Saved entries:
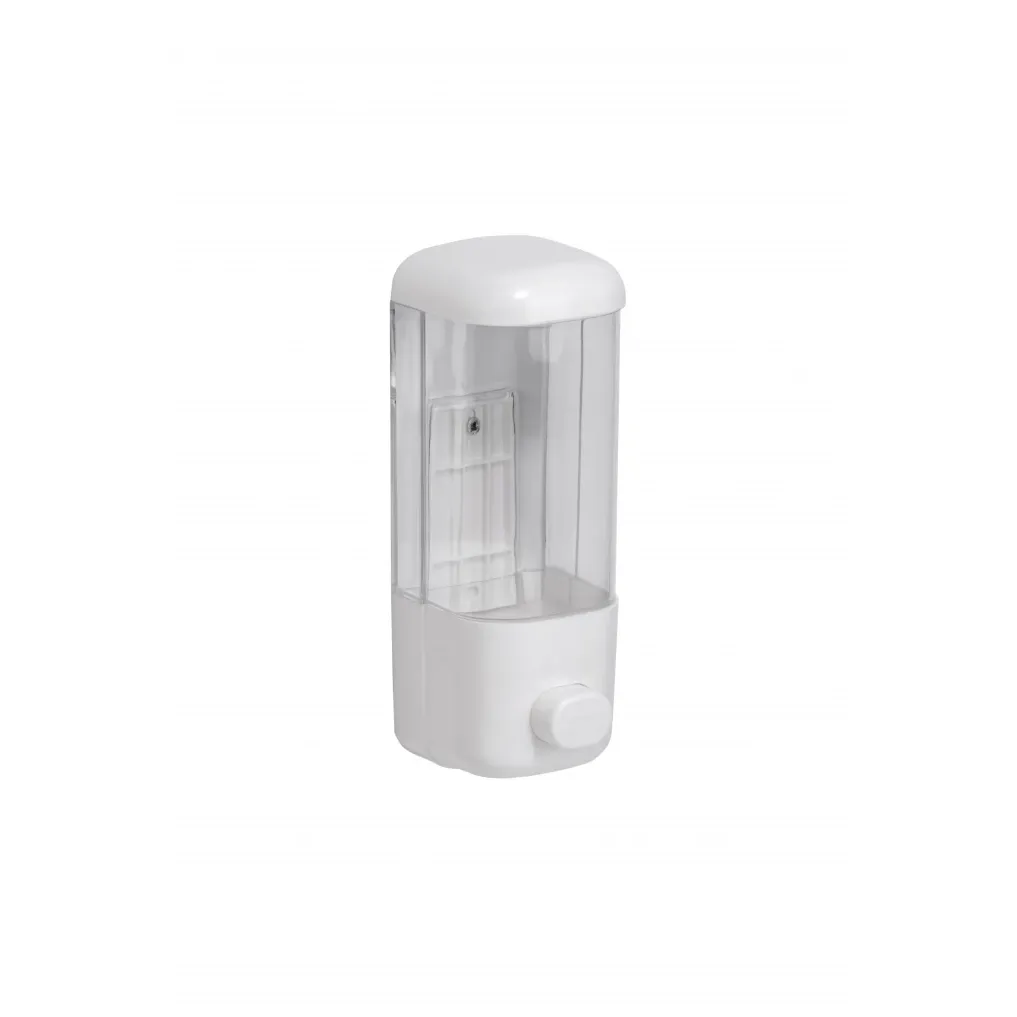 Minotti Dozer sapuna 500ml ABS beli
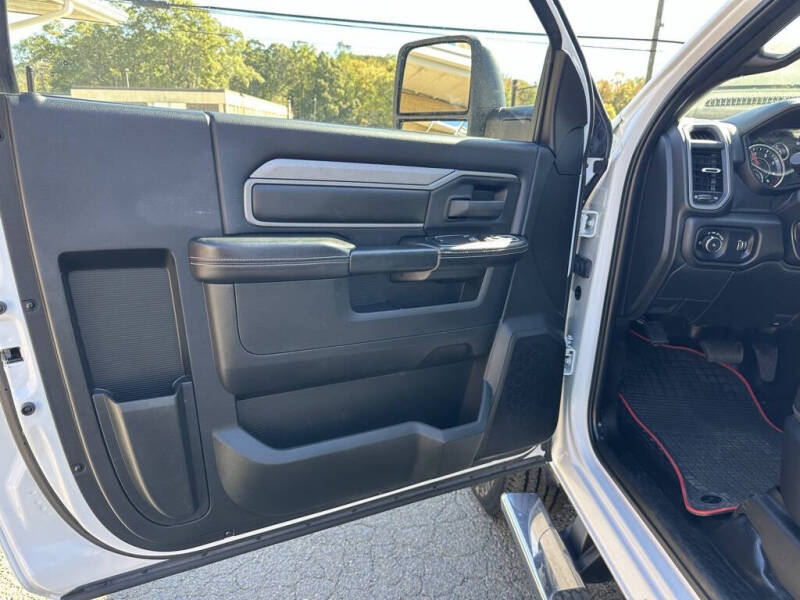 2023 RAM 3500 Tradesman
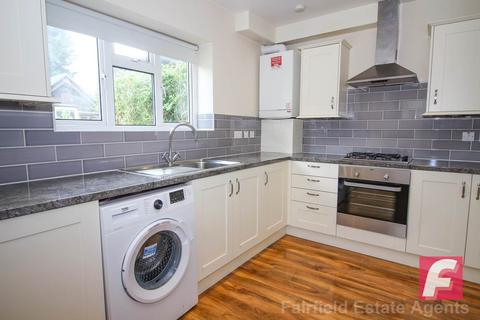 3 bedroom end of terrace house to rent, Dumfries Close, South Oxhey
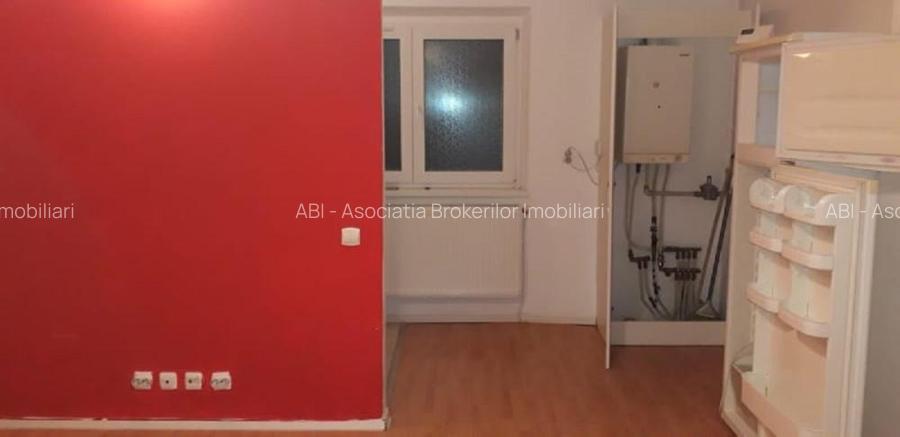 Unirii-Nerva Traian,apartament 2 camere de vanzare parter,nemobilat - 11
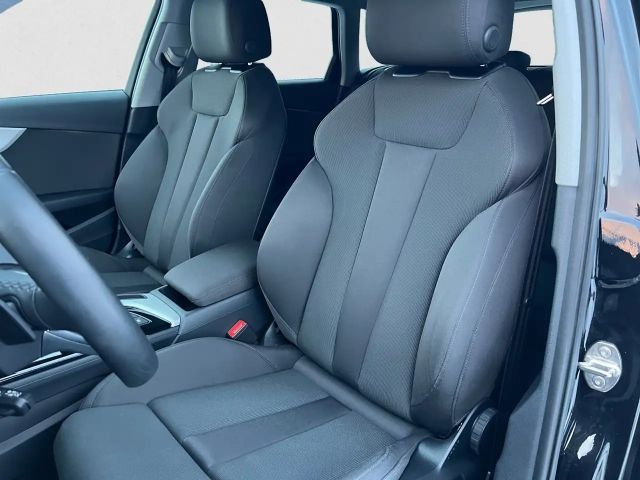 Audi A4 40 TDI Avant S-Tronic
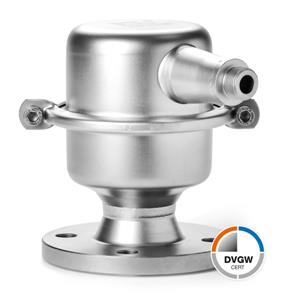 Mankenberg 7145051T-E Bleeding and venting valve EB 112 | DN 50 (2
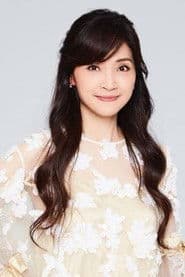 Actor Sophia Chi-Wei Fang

* * *

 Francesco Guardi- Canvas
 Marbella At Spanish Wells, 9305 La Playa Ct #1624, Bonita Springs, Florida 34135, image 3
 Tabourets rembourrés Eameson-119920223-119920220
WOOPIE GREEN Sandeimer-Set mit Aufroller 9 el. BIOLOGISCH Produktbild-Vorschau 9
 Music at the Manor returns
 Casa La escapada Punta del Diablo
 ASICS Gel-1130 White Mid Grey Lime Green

• _WHAT IS EXPECTED_
Copy nothing but the lines above that run from the one with "Minotti Dozer sapuna 500ml ABS beli" to the one with "Actor Sophia Chi-Wei Fang", ends included; pictures stay out.

• _RESPONSE TO THE TASK_
 Minotti Dozer sapuna 500ml ABS beli
 2023 RAM 3500 Tradesman
 3 bedroom end of terrace house to rent, Dumfries Close, South Oxhey
 Unirii-Nerva Traian,apartament 2 camere de vanzare parter,nemobilat - 11
 Audi A4 40 TDI Avant S-Tronic
 Mankenberg 7145051T-E Bleeding and venting valve EB 112 | DN 50 (2
 Actor Sophia Chi-Wei Fang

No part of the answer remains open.